Para o secretário geral do PCB, Edmilson Costa, o mundo passa por uma das grandes crises sistêmicas do capitalismo, nas quais se tenta fazer com que os trabalhadores paguem os ônus do esgotamento das forças produtivas. “Há mais de dez anos o capitalismo vem sofrendo uma crise sistêmica e os gestores do capital não encontraram até agora nenhuma fórmula para estabilizar a economia e retomar o crescimento econômico. Portanto, a crise que estamos vivendo é muito diferente das crises cíclicas do capitalismo. As crises normais, cíclicas, de tanto ocorrerem, já passaram a ser administradas pelo capital”, analisou. Segundo Edmilson, essa é a terceira grande crise do capitalismo e as duas anteriores resultaram em mudanças profundas na gestão do sistema. Na primeira grande crise – de 1873 a 1896 – o resultado foi a passagem do capitalismo concorrencial para o capitalismo monopolista. Na segunda crise – de 1929 e 1945 – com a ocorrência da 2ª Guerra Mundial, ocorreu a divisão do mundo entre os sistemas capitalista e socialista.

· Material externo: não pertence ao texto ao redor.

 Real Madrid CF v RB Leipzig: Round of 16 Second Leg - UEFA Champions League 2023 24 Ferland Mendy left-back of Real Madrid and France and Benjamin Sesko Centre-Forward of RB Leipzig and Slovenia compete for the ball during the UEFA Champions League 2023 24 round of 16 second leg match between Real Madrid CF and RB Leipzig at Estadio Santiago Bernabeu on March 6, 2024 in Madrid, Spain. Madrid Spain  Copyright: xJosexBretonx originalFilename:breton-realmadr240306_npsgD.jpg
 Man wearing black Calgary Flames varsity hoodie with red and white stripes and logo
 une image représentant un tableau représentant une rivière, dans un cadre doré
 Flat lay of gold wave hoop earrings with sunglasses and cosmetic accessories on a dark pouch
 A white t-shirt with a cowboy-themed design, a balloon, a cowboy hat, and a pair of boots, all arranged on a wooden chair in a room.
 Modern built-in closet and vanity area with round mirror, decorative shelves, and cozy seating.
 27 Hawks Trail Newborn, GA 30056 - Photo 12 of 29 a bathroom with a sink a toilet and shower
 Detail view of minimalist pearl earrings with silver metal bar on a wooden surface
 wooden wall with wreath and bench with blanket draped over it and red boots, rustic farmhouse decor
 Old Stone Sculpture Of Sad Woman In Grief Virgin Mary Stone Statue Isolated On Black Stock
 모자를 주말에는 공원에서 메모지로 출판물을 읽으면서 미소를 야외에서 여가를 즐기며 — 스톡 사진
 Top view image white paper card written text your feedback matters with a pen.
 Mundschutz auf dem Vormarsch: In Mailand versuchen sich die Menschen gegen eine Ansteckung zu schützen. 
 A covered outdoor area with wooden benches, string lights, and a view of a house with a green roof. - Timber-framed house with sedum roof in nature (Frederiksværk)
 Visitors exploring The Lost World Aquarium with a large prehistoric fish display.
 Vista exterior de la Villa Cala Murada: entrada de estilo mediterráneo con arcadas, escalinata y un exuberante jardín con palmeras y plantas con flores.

O sistema capitalista respondeu com a construção do estado de bem-estar social, agora em xeque. “Essa crise que estamos vivendo desde 2008 não tem tempo para acabar, ela só vai acabar quando todos os problemas forem resolvidos, e isso tem deixado profundamente desesperados e irritados os capitalistas. Exatamente pela impossibilidade de sair da crise pelas vias keynesianas, pelas vias da intervenção do Estado na economia, é que eles estão buscando a via da ofensiva contra direitos e garantias dos trabalhadores”, sintetizou.
Na avaliação do secretário geral do PCB, a crise no Brasil tem também elementos éticos, sociais e políticos, que se expressaram no processo de impeachment. “A crise aqui foi tão profunda que para a burguesia era necessário um ajuste brutal e rápido, mas o governo de coalizão tinha que fazer mudanças lentas por conta da sua base social, portanto, para a burguesia não interessava”, afirmou, refletindo ainda que as manifestações de 2013, nas quais centenas de milhares foram às ruas por fora da institucionalidade e dos espaços tradicionais de militância foram interpretados com clareza pela burguesia, que viu a necessidade de um governo "puro sangue" para implementar com mais agilidade os ajustes. Diante desse quadro, Edmilson alertou para a necessidade da reconstrução das organizações dos trabalhadores. “A crise vai forçar uma reorganização da esquerda, por isso temos que apoiar todas as frentes e movimentos, porque isso consolida um processo de unidade de quem quer efetivamente o caminho para as transformações. Nós não devemos ter medo da crise, ela é difícil, nos causa prejuízos, mas todas as grandes mudanças da história da humanidade não foram feitas na calmaria. As crises sempre foram as grandes parteiras da humanidade”.